Find Carrie's discussion regarding mulit-column statistics and the impact of the uniqueness on the first 16 bytes in the histogram. This impact does not affect the number of unique values but does impact other values capture in the histogram.

Hope this helps.

urskumar 6 posts Joined 08/07
12 Dec 2010

Hi,

I don't have collect statistics on my table or any of the columns in table.. For my SQL query, In my explain plan i have 'NO CONFIDENCE'..........
Is there is any possibility to improve the query performance with out taking collect statistics???
Please advise..........................

kumar

gryback 271 posts Joined 12/08
13 Dec 2010

Worth mentioning, collecting statistics is a key component of TASM/workload management.
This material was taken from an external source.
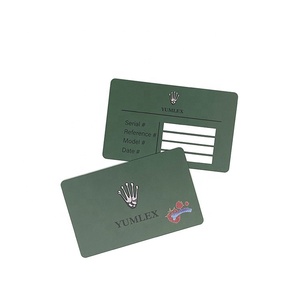 Cartão de Certificado de Autenticidade com Logo em Folha de Ouro/Prata Personalizado, Cartão de Garantia Plástico para Relógios e Joias de Luxo - Product Image 4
Stats collection results in better optimizer estimates which TASM then uses for pre-processing decisions and classification. For instance, putting a groups longer running queries in their own workload definition (WD) or maybe a groups queries with estimated row returns of more than 1M rows. All these preprocessing decisions depend on optimizer estimates.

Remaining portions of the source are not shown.